The very first recipe I ever made from Julia Child’s Mastering the Art of French Cooking was Soupe Au Pistou.
I was 25 years old, in grad school trying to be a filmmaker, grading hopelessly ungrammatical papers for an advertising professor, juggling a cranky boyfriend with the endless demands of Ulysses, my family’s beloved Hungarian vizla who had come to live with me. Somehow, between obsessively watching Jules et Jim and every other film Francois Truffaut ever made and rounding up actors and crew to make my own 16mm masterpieces, I had to eat.
Now this was before the glorious days of takeout—in Austin, it scarcely existed. So anything I cooked at home had to be fast, easy and delicious. Also cheap. I gobbled hundreds of warm corn tortillas, oozing with Monterrey Jack, ripe diced tomato and fiery jalapenos in escabeche, standing up in the kitchen. A friend survived on pimento cheese sandwiches, and red beans and rice made in his mom’s old pressure cooker.
But Soupe au Pistou was on another level altogether. I didn’t know how to cook, and wouldn’t have dared to try a soufflé or a terrine. Vegetable soup, though, I could handle. Julia’s version of this Provencal classic was simple, but alluring, and even though it is an early summer soup (best made “when fresh basil, fresh white beans and broad mange tout beans are all suddenly available, and the market women shout in the streets, ‘Mesdames, faites le bon piste, faites le pistou!’) her practical substitutions gave me the confidence to tackle it in January: You can make it with not much more than potatoes, onions and carrots simmered in water, and fresh green beans, canned kidney beans and a handful of broken spaghetti.
What made the soup sublime was the pistou—a fragrant Provencal paste of garlic, basil, Parmesan cheese, tomato and lots of fruity olive oil. It is very similar to Italian pesto, without the pine nuts. You pound these ingredients together in the bottom of a tureen. Then you ladle over the boiling soup, stirring rapidly so that the pistou swirls into the liquid. The heat releases the vibrant scent of garlic and basil, the cheese and olive oil enrich the thickened vegetables in the soup, and, well, it's fabulous, especially on a gloomy winter day after six disastrous hours in the editing room.

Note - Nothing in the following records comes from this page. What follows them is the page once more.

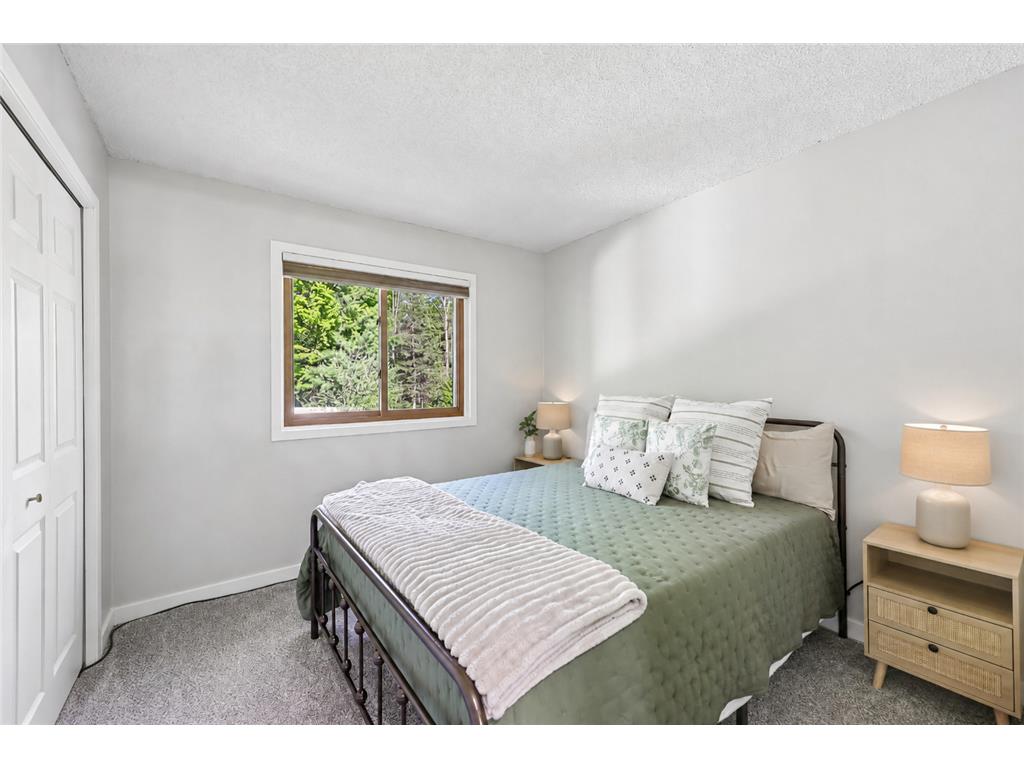 17698 S Shore Lane W Eden Prairie MN 55346 7073651 image17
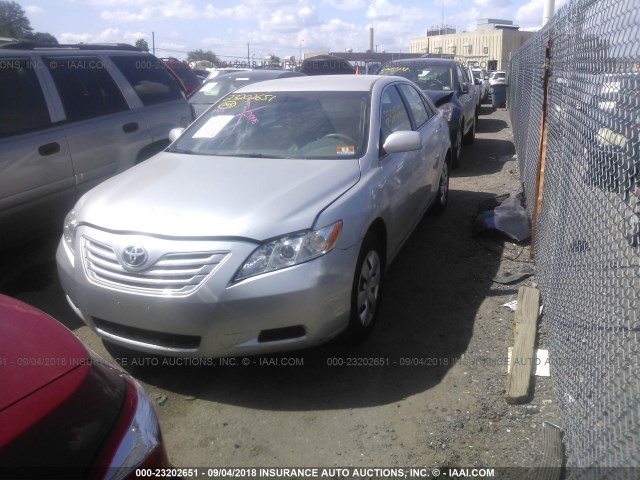 4T1BE46K48U261187 - 2008 TOYOTA CAMRY CE/LE/XLE/SE SILVER photo 2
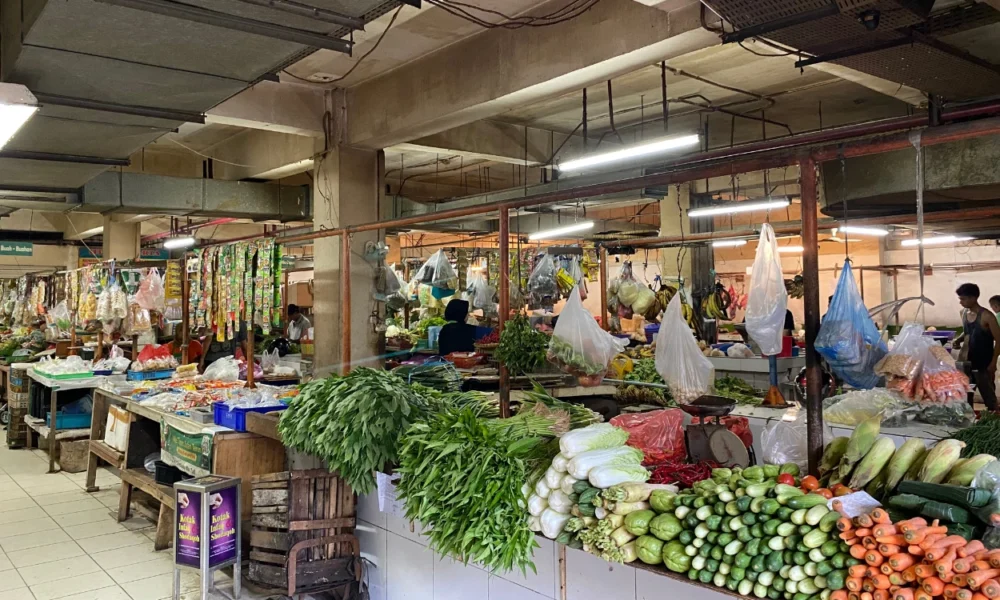 Harga bahan pokok di paspin fluktuatif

I can’t remember how I made the pistou. I probably beat the ingredients with a wooden spoon, doubtless used dried basil, and surely left out the pinch of saffron Julia recommends. What I do remember is what a feast it was, especially with toasted rounds of “French bread” drizzled with olive oil. I even sat down to eat it.
I thought of this the other day when I was testing mortars and pestles and wound up with a generous cup of good, garlicky pesto. What to do with it? Naturally you can toss pasta with the pesto, spread it on a ham and tomato sandwich, or slather it on grilled chicken or steamed vegetables, both of which need as much perking up as they can get. But I was captivated by memories of the Soupe au Pistou I made as grad student. With all that lovely pesto and a certain surfeit after the holidays, vegetable soup seemed like a wonderful idea.
The soup recipe is basically Julia’s. I substitute chicken broth for the water, and use a can of cannellini beans instead of pinto or navy beans, but otherwise, the recipes are just about the same.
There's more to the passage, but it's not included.